Which brings me to this thing about "well-made poems." Surely poems ought to be well-made, not just cobbled together? Well, yes and no is the best answer. So many poems are perfectly well-constructed but ultimately empty. They're vessels for lots of clever phrases or ideas, or little packages of not very original insights or observations. There has to be more than just a good construction to make a poem interesting, something apart from it being well-made. Though there is some value in "well-madeness," and a good traditional sonnet is still worth reading.

But then there is always the non-well-made poem: the cut-n-paste, the aleatory, the fragmentary, where the point is precisely not to look well-made. A serial poem like Maximus questions the very idea of something being finished, or looking complete, well-rounded or beautiful.
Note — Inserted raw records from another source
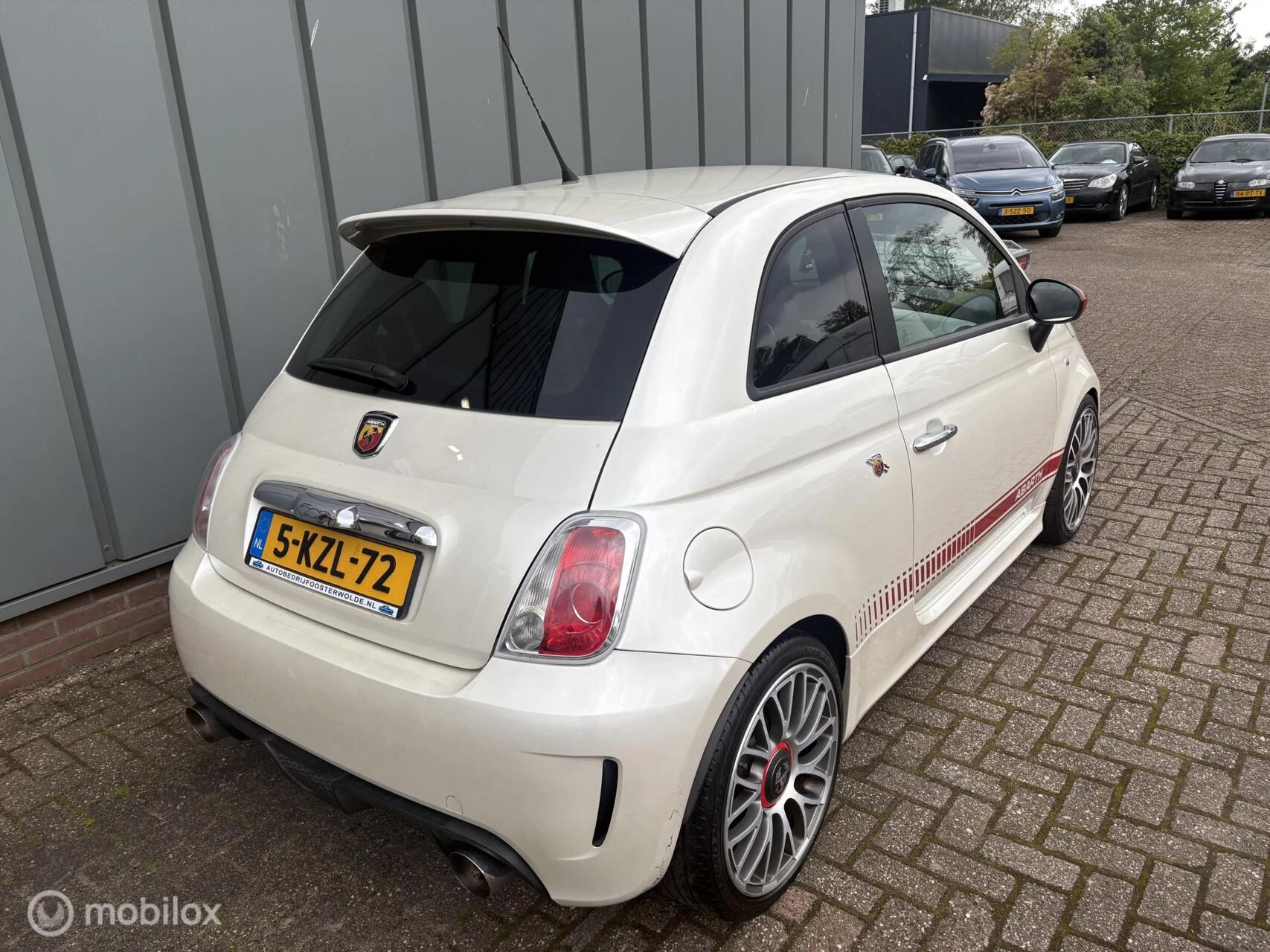 Hoofdafbeelding Fiat 500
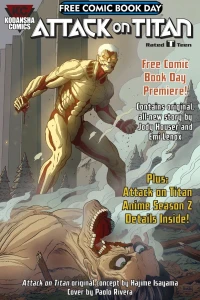 Attack on Titan (FCBD)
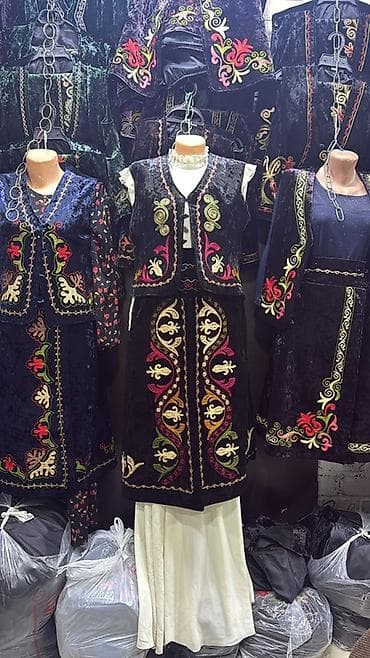 Национальный костюм, Женский, 48, 50 (L)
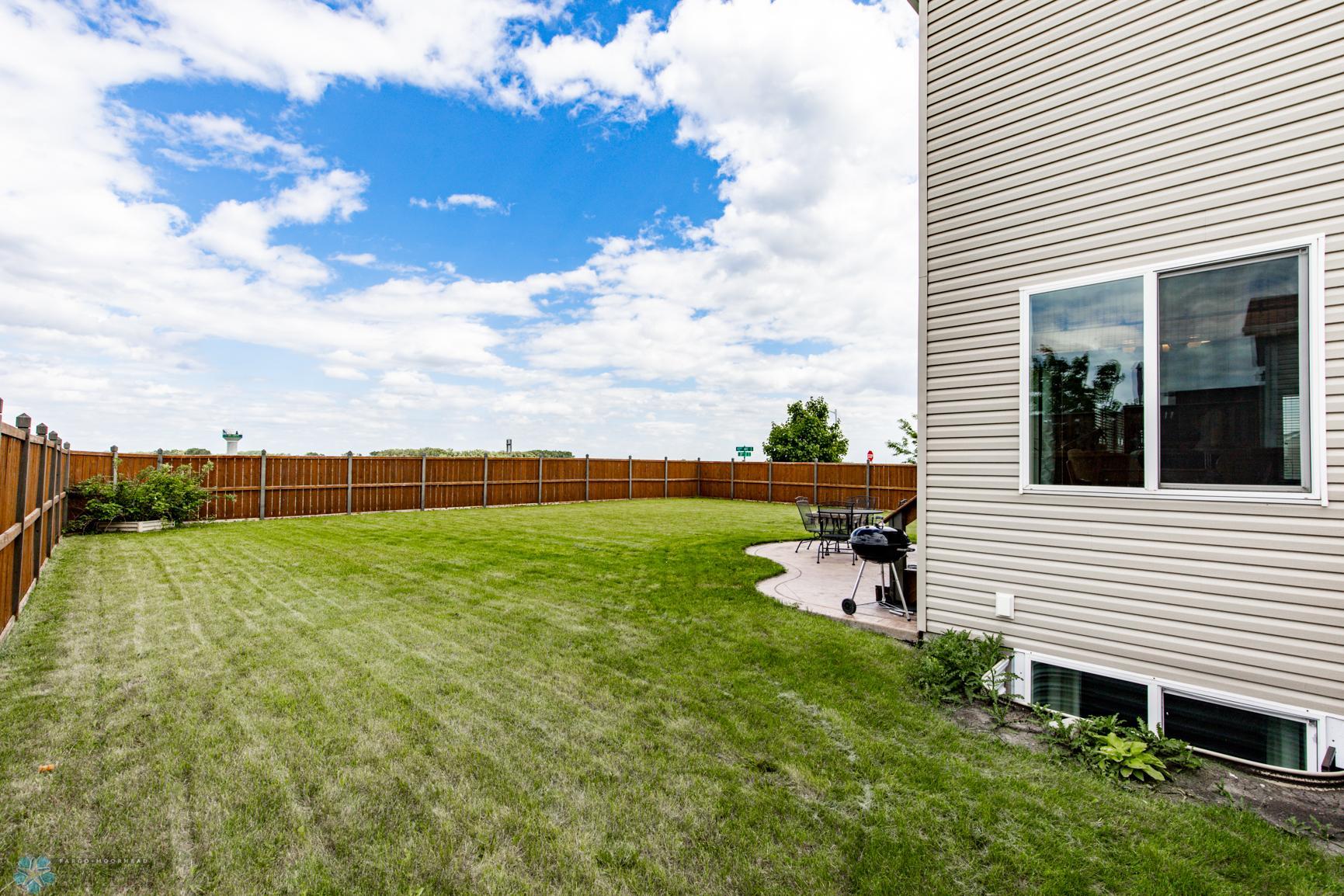 Backyard/Side Exterior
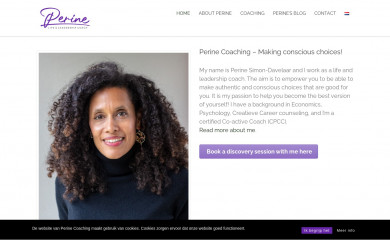 perinecoaching.nl screenshot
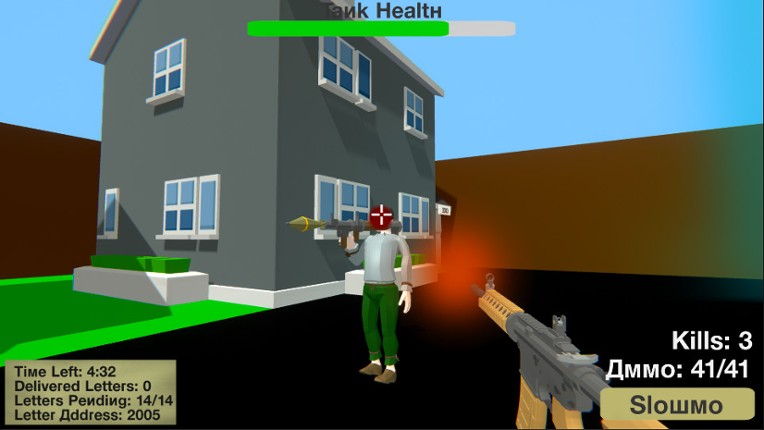 Russian Mailman Simulator screenshot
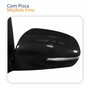 Retrovisor Kia Cerato 2011 2012 2013 Elétrico Com Pisca Fino Lado Esquerdo Motorista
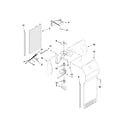 Kenmore Elite 10646023801 air flow parts diagram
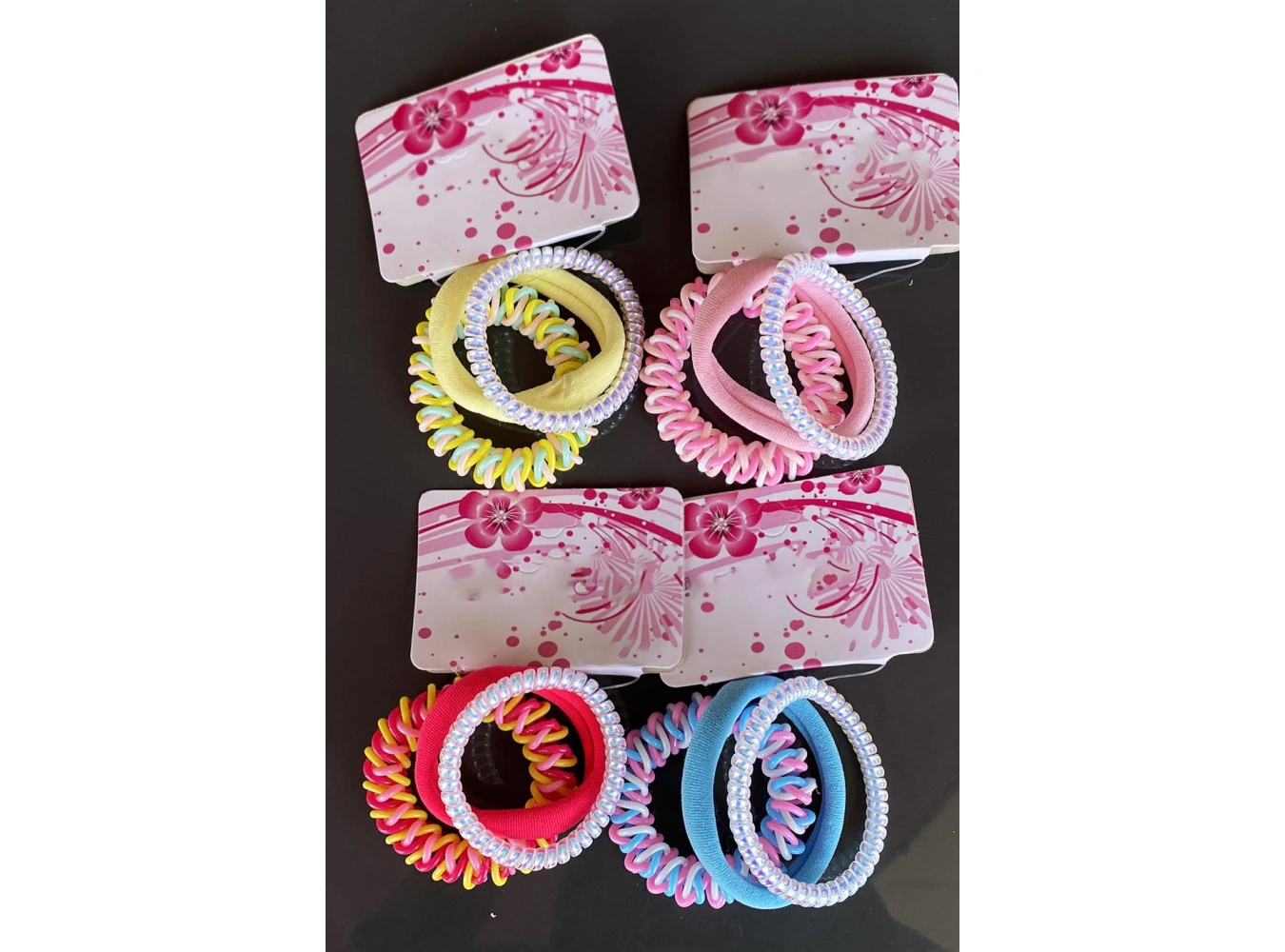 12li Karışık Renk Helezon ve Havlu Toka Set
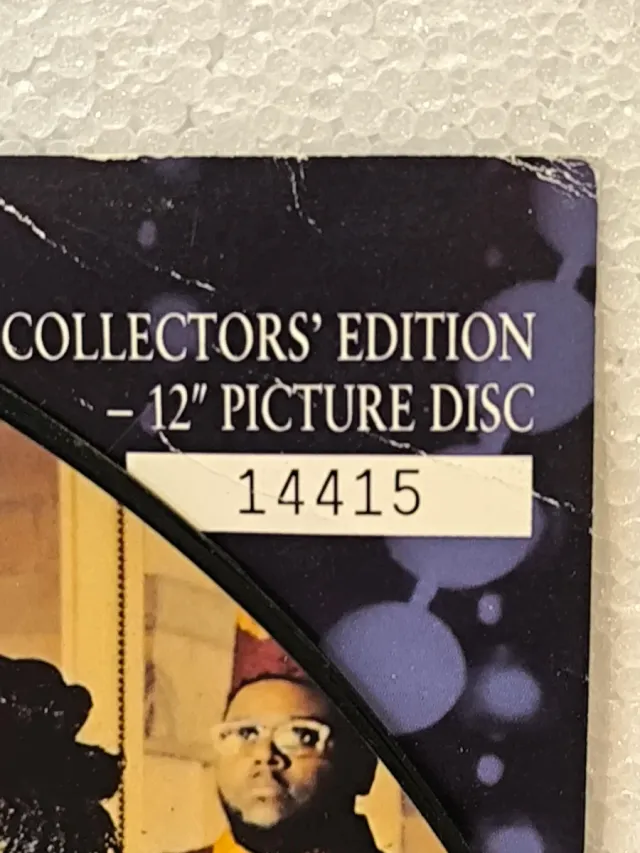 PRINCE Thunder Picture Disc Edición Coleccionista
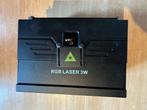 Laser 3W RGB ILDA - DMX, Enlèvement ou Envoi, Comme neuf, Laser, Commande sonore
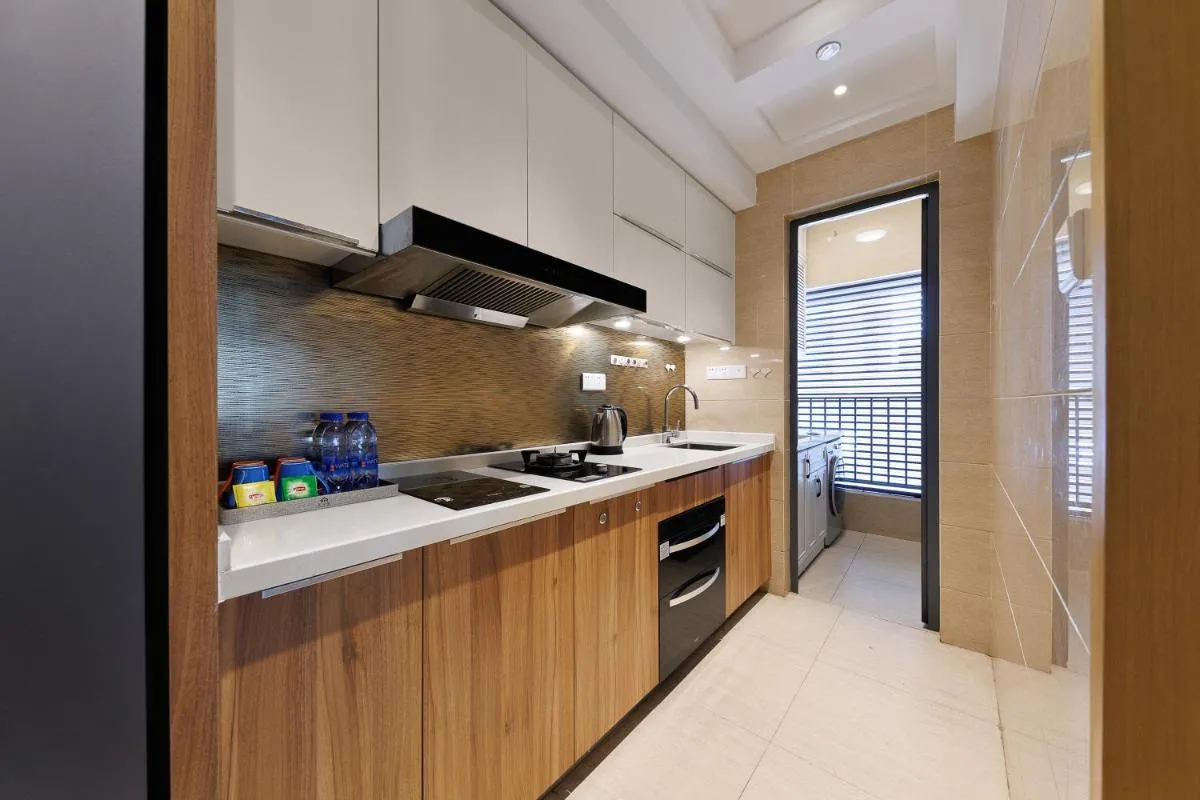 Image 2 of Doria Home International Apartment -Guangzhou Huijin IFC Keyun Road Metro Branch-Canton Fair Free Shuttle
The well-made poem starts, works its way through an argument and ends with a satisfying sigh or clunk at the end. The modernist fragment poem starts arbitrarily (seemingly), ends arbitrarily, doesn't finish its thoughts, sometimes doesn't even finish its sentences or stick to a horizontal line. It scatters itself about the page, mixes register, interupts itself. In short, it doesn't follow a logical or sequential order.

All these techniques have been around the block for awhile now, and I suspect that for many younger writers, the opposition between well-madeness and fragmentariness is a lot less problematic. I suspect we will see in future, poets who can do both; who can write sonnets and fragmentary cut-up poems.

I don't think many of the big name magazines have caught onto this yet. But there are a few newer magazines - Parameter, Succour and a few others - that may be cottoning onto this.

Monday, January 07, 2008

Two books I ought to add to my list of favourite books of 2007.

David Morley's Invisible Kings, which is one of most inventive and enlightening books of 2007, and from the usually rather dry Carcanet press (I agree with Jane about Carcanet, often: though Ashbery & O'Hara are on their list.) Due to failing memory, I missed this out of my list. Apologies, David, it was great, especially the title poem Kings. Its use of Romanni language and its shape poetry, and its trawling of folklore, was wonderful.

And, just inside the year, Sandra Tappenden's Speed, which is Salt, of course. Very fast poetry, to be read fast, but several times over so you can get what you missed the first time. It's the kind of poetry that I can imagine some critics skimming over because it doesn't seem serious, and yet under the speed and the wit, there's a lot of serious meditation on mortality, on the way we live in the 21st century, on sexual politics.